仲間が二人も命を落としたというのに どうしてこうも冷静でいられるのか。文句の一つでも言ってやろうと、雄太が腰を浮かせた時だった。
「そんなっ! 忘れたくても……そんなの一生忘れられませんよっ!! 」
康治の悲痛な叫びが響き渡った。
「何も知らなかったとはいえ、花澄さんを実際に刺してしまったのは…この僕なんだ……! 」
*
ところがである。
鑑識に回された遺書からは、不自然なことに誰の指紋も出てこなかったという。
その上パソコンで打たれた文字なので、元々筆跡も鑑定することが出来なかった。
*
「真里絵が口にしたジュースは冷凍庫にあったものだったよな」
発見時の状況を確認しようと、雄太が杏子へ目を向ける。
「ええ、そうだったわね。

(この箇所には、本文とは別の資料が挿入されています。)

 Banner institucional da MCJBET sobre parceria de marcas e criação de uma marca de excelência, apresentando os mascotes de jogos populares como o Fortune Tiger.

それが何か……」
「これから服毒自殺しようって時に、わざわざ凍らせるかなって思ってさ」
「真里絵さんは、いつもそうやって飲んでいたじゃないの。少し溶けてシェイク状になったのが好きなんだって言ってたわ」
それのどこに不可解な点があるのかと言わんばかりの杏子に、苛立ちを隠せない雄太は次第に口調が強くなっていく。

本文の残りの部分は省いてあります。